_WHAT TO WORK ON_.
Among the records, how many lines carry the string "Portrait"? Give that number with nothing added.

Brief descriptive captions
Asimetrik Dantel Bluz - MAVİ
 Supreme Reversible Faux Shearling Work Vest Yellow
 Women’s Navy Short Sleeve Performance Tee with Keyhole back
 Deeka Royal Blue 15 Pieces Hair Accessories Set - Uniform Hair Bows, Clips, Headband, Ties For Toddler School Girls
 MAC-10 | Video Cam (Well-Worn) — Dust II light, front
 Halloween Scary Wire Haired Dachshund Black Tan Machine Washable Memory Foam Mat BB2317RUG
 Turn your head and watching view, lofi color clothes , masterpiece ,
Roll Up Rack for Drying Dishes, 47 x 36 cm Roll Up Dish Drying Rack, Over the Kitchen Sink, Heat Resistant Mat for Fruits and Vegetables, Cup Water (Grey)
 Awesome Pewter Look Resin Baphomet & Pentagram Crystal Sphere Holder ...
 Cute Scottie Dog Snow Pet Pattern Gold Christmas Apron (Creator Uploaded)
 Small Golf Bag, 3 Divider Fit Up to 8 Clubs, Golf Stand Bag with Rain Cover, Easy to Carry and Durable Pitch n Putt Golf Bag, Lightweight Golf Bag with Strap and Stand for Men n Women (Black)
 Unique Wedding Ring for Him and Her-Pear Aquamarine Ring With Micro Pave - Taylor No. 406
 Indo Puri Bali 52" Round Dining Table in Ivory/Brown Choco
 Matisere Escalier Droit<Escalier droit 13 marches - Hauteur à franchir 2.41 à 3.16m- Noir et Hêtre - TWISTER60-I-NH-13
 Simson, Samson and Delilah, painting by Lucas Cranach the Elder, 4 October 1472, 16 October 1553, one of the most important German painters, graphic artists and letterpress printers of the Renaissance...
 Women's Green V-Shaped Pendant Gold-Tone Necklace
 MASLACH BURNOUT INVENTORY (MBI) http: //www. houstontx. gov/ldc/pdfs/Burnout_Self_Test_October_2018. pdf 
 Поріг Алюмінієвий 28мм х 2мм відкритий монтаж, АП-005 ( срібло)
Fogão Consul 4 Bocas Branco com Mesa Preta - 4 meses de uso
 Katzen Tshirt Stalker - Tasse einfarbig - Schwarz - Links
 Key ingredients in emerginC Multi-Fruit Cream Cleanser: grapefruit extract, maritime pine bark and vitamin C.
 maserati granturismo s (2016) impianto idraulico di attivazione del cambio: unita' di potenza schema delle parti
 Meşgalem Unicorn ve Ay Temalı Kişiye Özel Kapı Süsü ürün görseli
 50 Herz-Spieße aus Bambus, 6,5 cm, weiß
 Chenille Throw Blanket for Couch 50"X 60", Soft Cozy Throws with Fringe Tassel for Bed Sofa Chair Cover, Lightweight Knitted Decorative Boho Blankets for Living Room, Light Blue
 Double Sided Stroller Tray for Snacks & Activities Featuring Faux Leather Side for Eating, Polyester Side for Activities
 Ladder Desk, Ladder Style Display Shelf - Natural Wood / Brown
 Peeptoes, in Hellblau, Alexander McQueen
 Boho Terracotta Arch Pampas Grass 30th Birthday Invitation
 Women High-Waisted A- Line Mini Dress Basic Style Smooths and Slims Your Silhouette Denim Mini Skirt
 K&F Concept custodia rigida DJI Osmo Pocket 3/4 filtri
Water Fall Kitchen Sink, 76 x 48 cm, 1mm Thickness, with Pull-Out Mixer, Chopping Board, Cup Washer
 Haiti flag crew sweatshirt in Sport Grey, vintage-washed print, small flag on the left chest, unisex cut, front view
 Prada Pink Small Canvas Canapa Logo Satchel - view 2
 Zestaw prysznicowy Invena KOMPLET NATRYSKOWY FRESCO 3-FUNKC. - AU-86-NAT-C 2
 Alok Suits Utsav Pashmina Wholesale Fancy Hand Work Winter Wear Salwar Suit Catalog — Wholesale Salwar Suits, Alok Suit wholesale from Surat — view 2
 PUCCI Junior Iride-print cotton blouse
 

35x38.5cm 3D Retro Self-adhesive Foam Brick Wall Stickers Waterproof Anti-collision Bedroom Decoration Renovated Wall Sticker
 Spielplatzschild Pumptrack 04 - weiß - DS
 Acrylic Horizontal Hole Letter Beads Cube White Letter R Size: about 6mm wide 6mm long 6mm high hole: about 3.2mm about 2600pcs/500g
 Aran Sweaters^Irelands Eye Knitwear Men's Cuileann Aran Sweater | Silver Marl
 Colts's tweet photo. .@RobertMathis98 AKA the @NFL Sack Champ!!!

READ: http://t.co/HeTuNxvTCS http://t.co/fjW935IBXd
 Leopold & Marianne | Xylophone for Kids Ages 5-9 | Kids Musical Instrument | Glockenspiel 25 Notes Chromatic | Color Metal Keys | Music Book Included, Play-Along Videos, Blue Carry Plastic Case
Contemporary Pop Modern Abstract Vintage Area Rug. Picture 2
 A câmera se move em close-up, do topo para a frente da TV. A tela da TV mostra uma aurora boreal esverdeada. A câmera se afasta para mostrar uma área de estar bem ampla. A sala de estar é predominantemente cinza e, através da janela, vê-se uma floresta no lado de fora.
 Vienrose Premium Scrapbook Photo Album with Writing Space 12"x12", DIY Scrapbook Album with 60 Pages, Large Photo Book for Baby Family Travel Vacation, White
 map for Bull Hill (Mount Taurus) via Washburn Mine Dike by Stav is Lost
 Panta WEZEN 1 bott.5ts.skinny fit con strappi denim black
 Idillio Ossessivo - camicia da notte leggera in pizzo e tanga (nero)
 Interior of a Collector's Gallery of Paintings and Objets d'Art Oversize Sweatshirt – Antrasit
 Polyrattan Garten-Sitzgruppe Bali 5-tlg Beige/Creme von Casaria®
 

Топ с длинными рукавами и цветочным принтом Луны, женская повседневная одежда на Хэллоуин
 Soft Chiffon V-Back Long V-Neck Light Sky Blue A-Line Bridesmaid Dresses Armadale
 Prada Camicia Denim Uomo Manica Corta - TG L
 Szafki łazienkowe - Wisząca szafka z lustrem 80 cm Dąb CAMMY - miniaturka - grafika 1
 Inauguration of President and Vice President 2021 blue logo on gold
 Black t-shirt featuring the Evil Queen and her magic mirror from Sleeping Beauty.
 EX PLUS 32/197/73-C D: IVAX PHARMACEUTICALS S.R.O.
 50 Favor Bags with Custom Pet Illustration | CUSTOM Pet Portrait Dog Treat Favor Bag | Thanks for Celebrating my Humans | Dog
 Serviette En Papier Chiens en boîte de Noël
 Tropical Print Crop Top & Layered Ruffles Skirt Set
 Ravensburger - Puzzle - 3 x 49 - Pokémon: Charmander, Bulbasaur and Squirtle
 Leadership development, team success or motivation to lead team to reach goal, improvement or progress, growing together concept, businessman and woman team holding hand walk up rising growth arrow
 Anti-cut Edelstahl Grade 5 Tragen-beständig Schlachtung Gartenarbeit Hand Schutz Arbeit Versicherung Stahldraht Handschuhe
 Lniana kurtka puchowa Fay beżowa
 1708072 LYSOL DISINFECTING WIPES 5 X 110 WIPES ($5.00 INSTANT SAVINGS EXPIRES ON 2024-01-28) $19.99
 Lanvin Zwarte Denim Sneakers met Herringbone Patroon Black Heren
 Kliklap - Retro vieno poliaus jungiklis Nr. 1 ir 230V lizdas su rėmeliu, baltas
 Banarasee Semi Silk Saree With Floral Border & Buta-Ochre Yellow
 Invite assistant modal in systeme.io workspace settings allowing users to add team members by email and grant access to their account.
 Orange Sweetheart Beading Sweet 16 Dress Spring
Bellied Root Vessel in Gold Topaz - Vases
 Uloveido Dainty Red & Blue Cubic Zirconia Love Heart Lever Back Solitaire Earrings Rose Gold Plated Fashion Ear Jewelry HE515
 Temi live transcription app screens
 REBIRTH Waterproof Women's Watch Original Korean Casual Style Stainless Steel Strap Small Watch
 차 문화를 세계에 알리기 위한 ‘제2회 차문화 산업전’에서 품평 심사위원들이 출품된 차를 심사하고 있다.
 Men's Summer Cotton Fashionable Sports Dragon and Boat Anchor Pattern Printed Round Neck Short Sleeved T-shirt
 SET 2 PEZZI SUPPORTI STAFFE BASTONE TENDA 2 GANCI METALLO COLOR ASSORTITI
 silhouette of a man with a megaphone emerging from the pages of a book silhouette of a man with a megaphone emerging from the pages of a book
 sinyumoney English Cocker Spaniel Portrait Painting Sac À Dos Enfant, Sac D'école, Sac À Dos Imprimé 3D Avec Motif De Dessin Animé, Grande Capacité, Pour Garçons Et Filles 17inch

_SOLUTION FOR THIS TASK_.
2